There are other aspects of divorce laws in which Jewish and Islamic law were at first largely in agreement, but later drew apart owing to the dynamic and adaptive nature of Jewish law. Thus, in Jewish law as represented by the Mishnah (Yev. 14:1), later also accepted by the geonim in Iraq, "While a woman may be divorced of her own free will or against her will, a man can give divorce only of his own free will." Even more extreme was the attitude of R. Akiva, who taught that a husband may divorce his wife virtually at will, "even if he finds another woman more beautiful than she is" (Mishnah, Gitt. 9:10). The divorce procedure, too, is a private affair, with no involvement of the religious court. These aspects also exist in Islamic law as practiced (except for the halakhic requirement that the writ of divorce be handed to the woman, for which there is no parallel in Islamic law, and the biblical prohibition of remarrying one's divorced wife if she herself had remarried in the meantime). Jewish law, however, as practiced by Ashkenazic Jews, was radically altered by an enactment, attributed to R. Gershom Me'or ha-Golah (Germany, 11th century), forbidding a husband to divorce his wife against her will. Another gap was thus formed between (Ashkenazic) Jewish law and Islamic law.
Another example of this pattern is the question of the lineage of a child of a mixed marriage, which in the Bible, according to critical consensus, was based on patrilineal descent, whether in marriages between Jews or between a Jew and a non-Jew. This principle was later superseded by that of matrilineal descent, based on a midrashic exposition of Scripture, in response to changing realities. The Mishnah reports the final stage in a process of halakhic change that had presumably begun beforehand, which ultimately became the halakhic norm: "Whatever [woman] cannot be betrothed to that particular person or with others, the issue follows her status; this is the case with the issue of a bondmaid or a gentile woman" (Kid. 3:12). Islamic law, however, maintained the principle of patrilineal descent (probably because Islamic law permits a Muslim man to marry a non-Muslim woman).
At times, the change in Jewish law can be attributed to changed values in the rabbinic world, such as the midrashic redefinition of the term na'arah (unmarried girl), previously understood as designating status (as in the Bible): the Midrash redefines the term as denoting a young girl between certain age limits, so that a woman beyond those limits was considered independent. By contrast, in some schools of Islamic law, the cognate term continued to designate status, the girl remaining under her father's authority irrespective of her age.
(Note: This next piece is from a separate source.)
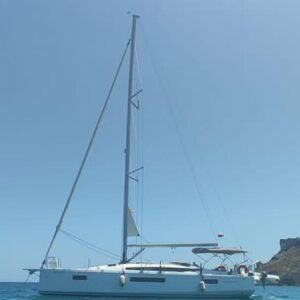Jeanneau Sun Odyssey 410 2023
Similarly, the rabbinic interpretation of the scriptural verse "an eye for an eye" as referring not to physical retribution but to monetary compensation, has no parallel in Islamic law, which has retained the literal meaning of the phrase.
Both Islamic and Jewish law recognized the legitimacy of disagreement and legal pluralism, epitomized in the latter by the talmudic saying, "Both [conflicting opinions] represent the words of the living God." In Islamic law, however, this principle received prominent normative significance, in the sense that it granted equal status to different legal schools. This situation made adjustment to changing realities possible by transferring the focus of legal development from the text to the personality at the head of a particular school. A diversity of opinions was thus generated, making for a more flexible machinery of legal decision and somewhat compensating for the lack of dynamic sources of the law. Jewish law, however, from the start, adopted a rigid system of decision rules, unparalleled in Islamic law, meant to guide the halakhic decisor in dealing with differences of opinion. This somewhat limited the Halakhist's freedom to deviate from the halakhic text.
Legal Literature in Jewish and Islamic Law
The legal bases of the two systems, stemming as they did from diverse theological differences, affected their respective genres of literary creativity, as well as the nature and function of those genres. A basic similarity between the Bible and the Qur'ān is that both laid the normative groundwork for their respective legal systems, transforming in part earlier practices. In both, the legal material occupies only part of the text, which also includes a good measure of narrative. The Muslims evolved a special literary genre for the legal material of the Qur'ān, known as Aḥkām al-Qur'ān, "Laws of the Qur'ān," reminiscent of the contemporary Jewish genre of Sefer ha-Mitzvot.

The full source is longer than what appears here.